En medio de estas ambiciones corporativas, existen proyectos independientes que fijan su mirada hacia espacios más humildes, como Vessel (Krajewski, Strange Loop Games, 2012) y Flight of the Icarus (Lane y Kehrer, Muse Games, 2010). Estos juegos son los que comparten más puntos en común con Jamestown, ya que se centran en una temática específica (puzles en el primero, torretas de disparo en el segundo) y utilizan el steampunk como marco con el que justificarlas. Al igual que Jamestown, estos títulos se deben más a la tradición de sus esquemas de diseño y menos al universo visual que han decidido emplear. En el caso de Vessel, la ecuación de Científico Loco con retos intelectuales da lugar a un escenario cómico y desenfadado, mientras que en Icarus y Jamestown, la combinación es mucho más simplona: tecnología de vapor + belicismo heroico.
Las consecuencias de esta suma son claras y evidentes: los juegos son sencillos de entender, pero hostiles a interpretaciones profundas. La intención de la jugabilidad y las mecánicas son claras, pero el decorado que lo rodea sirve de poco más que escaparate. En el caso de Jamestown, los desarrolladores son claramente conscientes del hecho y lo demuestran con el modo «Farsa», que sustituye el tono solemne de la historia por uno más cercano a las novelas de Piers Anthony. Llegados a este punto, cualquier intento de navegar las complejidades del género han quedado abandonadas en favor de una sólida (aunque desangelada) experiencia «matamarcianos». Lo que los creadores de Jamestown demuestran con esta decisión artística, en última instancia, es que tanto el shoot’em up como el steampunk pueden cumplir la función perversa de evocar las luces del pasado y, al mismo tiempo, esconder sus sombras.
Jamestown+.
En el ámbito de los videojuegos, se lleva viviendo una reexaminación importante del peso que la decisión de escoger unas imágenes o estilos determinados pueden tener a la hora de influir en la presentación final de la obra, así como en la experiencia del jugador. En juegos como Kingdom Come (Vávra, Warhorse Studios, 2018), se corre el riesgo de exponer visiones sesgadas y, en muchos casos, retrógradas de nuestro pasado. En casos como el de Cuphead (Moldenhauer, Studio MDHR 2017), nos arriesgamos a traer al presente una estética intrínsecamente relacionada con el lado más oscuro de una nación. El caso de Jamestown es muy similar al de Cuphead, pues también se expone a negar los fantasmas del pasado a través del recurso fantástico.
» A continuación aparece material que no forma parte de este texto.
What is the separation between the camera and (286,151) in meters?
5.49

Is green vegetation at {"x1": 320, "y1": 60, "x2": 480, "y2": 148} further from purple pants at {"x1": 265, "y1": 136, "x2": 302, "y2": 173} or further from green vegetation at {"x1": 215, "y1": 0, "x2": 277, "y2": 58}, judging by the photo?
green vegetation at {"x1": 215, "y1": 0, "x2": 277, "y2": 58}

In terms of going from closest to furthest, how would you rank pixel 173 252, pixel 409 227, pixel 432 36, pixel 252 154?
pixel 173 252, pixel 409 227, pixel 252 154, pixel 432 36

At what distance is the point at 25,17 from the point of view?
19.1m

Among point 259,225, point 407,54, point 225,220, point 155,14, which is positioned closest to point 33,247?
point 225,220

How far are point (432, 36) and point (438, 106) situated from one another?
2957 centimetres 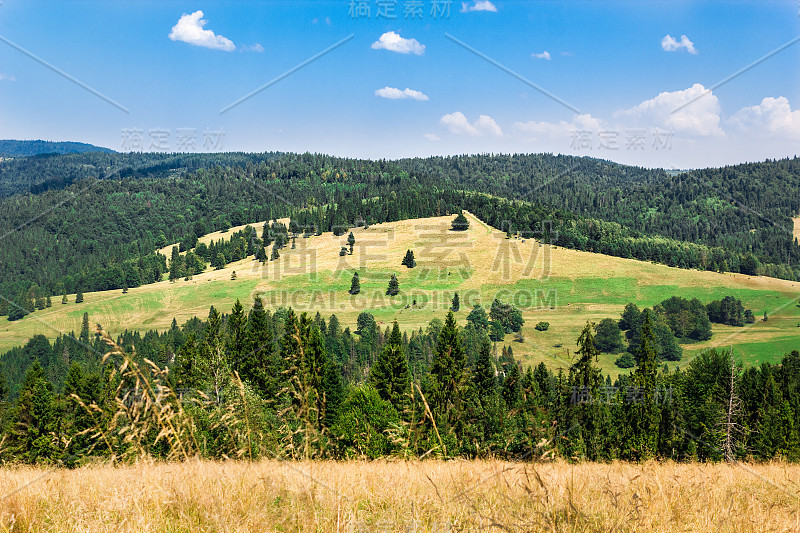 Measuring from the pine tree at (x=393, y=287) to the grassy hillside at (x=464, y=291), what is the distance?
147 centimetres

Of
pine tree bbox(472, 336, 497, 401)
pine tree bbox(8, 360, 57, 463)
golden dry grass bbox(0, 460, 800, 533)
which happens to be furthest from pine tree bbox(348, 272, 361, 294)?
golden dry grass bbox(0, 460, 800, 533)

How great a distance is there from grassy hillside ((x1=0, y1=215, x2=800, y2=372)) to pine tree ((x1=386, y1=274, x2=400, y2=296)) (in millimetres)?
1466

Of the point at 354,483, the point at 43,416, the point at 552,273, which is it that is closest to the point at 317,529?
the point at 354,483

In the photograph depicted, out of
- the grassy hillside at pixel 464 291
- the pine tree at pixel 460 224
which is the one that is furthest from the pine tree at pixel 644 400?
the pine tree at pixel 460 224

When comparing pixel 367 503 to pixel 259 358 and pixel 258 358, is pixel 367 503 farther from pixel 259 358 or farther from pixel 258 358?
pixel 259 358

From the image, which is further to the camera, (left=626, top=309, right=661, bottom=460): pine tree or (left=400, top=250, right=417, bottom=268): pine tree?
(left=400, top=250, right=417, bottom=268): pine tree

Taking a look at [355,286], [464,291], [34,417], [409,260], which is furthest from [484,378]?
[409,260]

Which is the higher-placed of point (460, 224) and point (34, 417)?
point (460, 224)

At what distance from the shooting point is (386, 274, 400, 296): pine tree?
461ft

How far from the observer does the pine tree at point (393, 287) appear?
140 metres

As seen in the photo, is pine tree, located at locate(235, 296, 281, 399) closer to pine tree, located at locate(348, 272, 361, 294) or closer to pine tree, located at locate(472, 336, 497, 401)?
pine tree, located at locate(472, 336, 497, 401)

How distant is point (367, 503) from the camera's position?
15.1 ft

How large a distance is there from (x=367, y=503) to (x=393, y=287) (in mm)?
136718

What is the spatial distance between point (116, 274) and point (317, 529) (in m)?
223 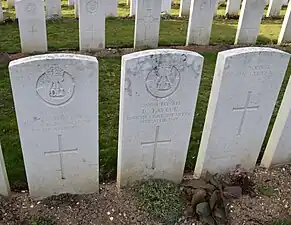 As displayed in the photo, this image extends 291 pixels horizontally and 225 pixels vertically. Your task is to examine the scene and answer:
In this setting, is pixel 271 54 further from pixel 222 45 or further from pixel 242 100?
pixel 222 45

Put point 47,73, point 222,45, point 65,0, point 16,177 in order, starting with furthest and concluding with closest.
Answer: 1. point 65,0
2. point 222,45
3. point 16,177
4. point 47,73

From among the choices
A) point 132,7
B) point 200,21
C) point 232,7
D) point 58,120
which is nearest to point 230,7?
point 232,7

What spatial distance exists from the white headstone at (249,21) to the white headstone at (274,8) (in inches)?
121

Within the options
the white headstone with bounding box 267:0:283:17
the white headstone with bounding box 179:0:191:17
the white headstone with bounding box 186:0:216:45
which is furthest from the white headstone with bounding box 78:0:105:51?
the white headstone with bounding box 267:0:283:17

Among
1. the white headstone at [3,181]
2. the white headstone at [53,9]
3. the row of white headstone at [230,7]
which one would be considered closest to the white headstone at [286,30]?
the row of white headstone at [230,7]

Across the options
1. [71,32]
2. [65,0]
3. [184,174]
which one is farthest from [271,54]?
[65,0]

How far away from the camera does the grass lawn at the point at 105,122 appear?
4.17 meters

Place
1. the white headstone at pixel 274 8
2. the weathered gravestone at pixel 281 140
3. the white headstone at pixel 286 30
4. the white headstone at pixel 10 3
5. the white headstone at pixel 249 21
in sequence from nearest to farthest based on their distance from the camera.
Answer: the weathered gravestone at pixel 281 140 → the white headstone at pixel 249 21 → the white headstone at pixel 286 30 → the white headstone at pixel 10 3 → the white headstone at pixel 274 8

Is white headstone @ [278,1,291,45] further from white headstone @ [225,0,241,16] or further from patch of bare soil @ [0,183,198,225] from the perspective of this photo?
patch of bare soil @ [0,183,198,225]

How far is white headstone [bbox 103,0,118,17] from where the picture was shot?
31.4 ft

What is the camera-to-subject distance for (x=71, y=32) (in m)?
8.39

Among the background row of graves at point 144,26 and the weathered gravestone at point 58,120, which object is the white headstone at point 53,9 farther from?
the weathered gravestone at point 58,120

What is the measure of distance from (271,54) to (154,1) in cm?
419

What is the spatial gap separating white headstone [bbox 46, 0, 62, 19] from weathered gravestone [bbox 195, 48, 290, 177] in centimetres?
675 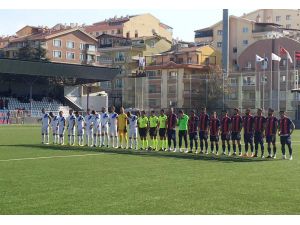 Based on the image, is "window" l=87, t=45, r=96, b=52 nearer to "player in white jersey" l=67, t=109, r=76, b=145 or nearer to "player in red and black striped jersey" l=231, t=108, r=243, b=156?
"player in white jersey" l=67, t=109, r=76, b=145

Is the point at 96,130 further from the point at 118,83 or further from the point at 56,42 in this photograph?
the point at 56,42

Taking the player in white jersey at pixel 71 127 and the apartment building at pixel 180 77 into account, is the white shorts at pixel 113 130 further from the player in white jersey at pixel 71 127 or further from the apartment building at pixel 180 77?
the apartment building at pixel 180 77

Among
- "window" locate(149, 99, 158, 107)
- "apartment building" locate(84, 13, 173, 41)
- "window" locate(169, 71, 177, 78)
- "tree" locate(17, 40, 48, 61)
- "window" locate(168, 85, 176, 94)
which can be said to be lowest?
"window" locate(149, 99, 158, 107)

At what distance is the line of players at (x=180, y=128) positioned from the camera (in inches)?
796

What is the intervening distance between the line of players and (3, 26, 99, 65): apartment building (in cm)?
5997

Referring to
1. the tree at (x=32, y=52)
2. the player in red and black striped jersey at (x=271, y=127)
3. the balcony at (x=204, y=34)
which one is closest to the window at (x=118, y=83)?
the tree at (x=32, y=52)

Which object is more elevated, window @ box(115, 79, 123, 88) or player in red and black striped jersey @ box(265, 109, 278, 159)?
window @ box(115, 79, 123, 88)

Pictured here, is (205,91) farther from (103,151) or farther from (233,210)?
(233,210)

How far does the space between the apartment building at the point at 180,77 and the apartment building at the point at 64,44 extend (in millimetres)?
11778

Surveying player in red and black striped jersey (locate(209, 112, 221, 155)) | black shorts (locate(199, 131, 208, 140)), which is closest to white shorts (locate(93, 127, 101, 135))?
black shorts (locate(199, 131, 208, 140))

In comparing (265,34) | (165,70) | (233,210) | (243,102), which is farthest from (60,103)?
(233,210)

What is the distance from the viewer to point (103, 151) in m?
23.0

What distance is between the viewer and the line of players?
20216 mm

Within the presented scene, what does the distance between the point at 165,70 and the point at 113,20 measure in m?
36.7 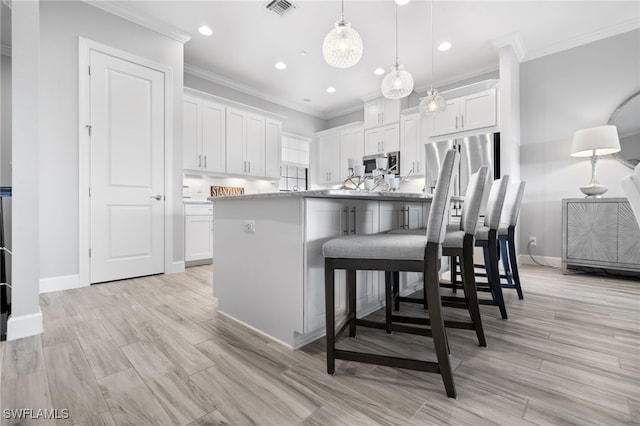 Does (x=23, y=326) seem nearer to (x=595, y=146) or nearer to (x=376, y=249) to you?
(x=376, y=249)

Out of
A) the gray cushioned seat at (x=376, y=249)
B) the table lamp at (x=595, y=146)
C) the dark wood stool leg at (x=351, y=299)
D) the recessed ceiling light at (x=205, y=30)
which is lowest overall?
the dark wood stool leg at (x=351, y=299)

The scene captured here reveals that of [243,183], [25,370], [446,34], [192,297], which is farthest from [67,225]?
[446,34]

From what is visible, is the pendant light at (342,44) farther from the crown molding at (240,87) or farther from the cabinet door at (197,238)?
the crown molding at (240,87)

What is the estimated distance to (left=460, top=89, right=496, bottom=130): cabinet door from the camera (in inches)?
157

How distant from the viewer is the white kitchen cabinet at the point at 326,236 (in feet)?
4.89

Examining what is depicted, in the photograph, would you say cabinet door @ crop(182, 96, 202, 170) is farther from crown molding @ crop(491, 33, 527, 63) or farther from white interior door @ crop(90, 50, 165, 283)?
crown molding @ crop(491, 33, 527, 63)

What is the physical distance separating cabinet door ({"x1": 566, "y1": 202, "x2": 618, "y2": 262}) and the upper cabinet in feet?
14.4

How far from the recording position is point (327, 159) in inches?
255

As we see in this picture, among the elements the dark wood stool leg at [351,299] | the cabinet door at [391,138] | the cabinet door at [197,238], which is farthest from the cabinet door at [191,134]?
the dark wood stool leg at [351,299]

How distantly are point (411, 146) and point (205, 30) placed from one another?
11.7 ft

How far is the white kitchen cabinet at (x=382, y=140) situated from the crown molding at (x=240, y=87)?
1598 millimetres

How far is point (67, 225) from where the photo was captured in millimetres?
2750

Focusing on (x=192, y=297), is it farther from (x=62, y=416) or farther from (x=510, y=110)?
(x=510, y=110)

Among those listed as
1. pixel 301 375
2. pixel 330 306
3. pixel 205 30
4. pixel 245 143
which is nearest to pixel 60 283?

Tal y como es ahora, el steampunk tiene la capacidad de representar, mejor que muchas otras fórmulas, nuestra contradictoria relación con una de las épocas que más impacto ha tenido (para bien y para mal) en la historia de la humanidad. Una obra capaz de abrazar esas contradicciones y crear algo nuevo con ellas puede convertir imágenes e ideas negativas en positivas e incluso liberadoras. En el futuro, juegos similares a Vessel y Jamestown tendrán la capacidad, si se atreven, de cumplir ese potencial.